Cluster Autoscaler vs Horizontal Pod Autoscaler: We Run Both in Production

Autoscaling in Kubernetes is not a single mechanism. It is two distinct systems operating at different layers of your infrastructure: the Horizontal Pod Autoscaler (HPA) scales your application replicas, while the Cluster Autoscaler (CA) scales the underlying nodes those replicas run on. Running one without the other creates blind spots that lead to either wasted resources or stuck deployments.

We run both in every production cluster we manage, and the difference between a well-tuned autoscaling setup and a broken one usually comes down to understanding how these two controllers interact. This guide covers exactly that, including the configuration details, common pitfalls, and the patterns we have validated across 100+ production Kubernetes environments.

Quick Comparison: Cluster Autoscaler vs HPA

Before diving into the details, here is a side-by-side breakdown of how these two autoscalers differ.
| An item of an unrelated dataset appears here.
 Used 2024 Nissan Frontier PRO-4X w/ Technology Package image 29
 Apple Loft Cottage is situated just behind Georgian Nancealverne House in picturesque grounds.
Feature	Horizontal Pod Autoscaler (HPA)	Cluster Autoscaler (CA)
What it scales	Pod replicas within a deployment	Nodes in the cluster
Scaling trigger	Metric thresholds (CPU, memory, custom)	Pending pods that cannot be scheduled
Scale-down trigger	Metrics drop below target	Node utilization below threshold
Default check interval	15 seconds	10 seconds
Scale-down delay	Configurable via behavior policies	10 minutes (`scale-down-unneeded-time`)
Requires Metrics Server	Yes	No (watches pod scheduling status)
Cloud provider dependency	None	Yes (needs cloud API to add/remove nodes)
Can scale to zero	No (minimum 1 replica)	Yes (can remove all nodes in a node group)
Configuration scope	Per-deployment/workload	Cluster-wide
Kubernetes resource	`HorizontalPodAutoscaler`	Deployment (runs as a pod)

Understanding this table is essential for designing a scaling strategy that handles traffic spikes without wasting money on idle infrastructure. For a deeper look at controlling Kubernetes spending, see our guide on Kubernetes cost optimization strategies.

What the Horizontal Pod Autoscaler Does

The HPA is a Kubernetes controller that automatically adjusts the number of pod replicas in a Deployment, ReplicaSet, or StatefulSet based on observed metrics. It operates entirely at the application layer. The HPA does not know or care about nodes; it only cares about whether your workload needs more or fewer replicas to meet its performance targets.

How HPA Works Internally

The HPA controller runs a control loop that executes every 15 seconds by default (configurable via --horizontal-pod-autoscaler-sync-period on the kube-controller-manager). Each cycle follows this process:

Query the Metrics API for the current value of the target metric
Compare the current value against the target value defined in the HPA spec
Calculate the desired replica count using the formula: desiredReplicas = ceil(currentReplicas * (currentMetricValue / desiredMetricValue))
Apply scaling constraints (minReplicas, maxReplicas) and behavior policies
Update the replica count on the target workload

The HPA has a default tolerance of 10%, meaning it will not scale if the current metric value is within 10% of the target. This prevents constant scaling oscillation.

HPA Metric Types

The HPA supports four categories of metrics, each suited to different scaling scenarios.

Resource Metrics (CPU and Memory)

The most common and simplest to configure. These use data from the Metrics Server.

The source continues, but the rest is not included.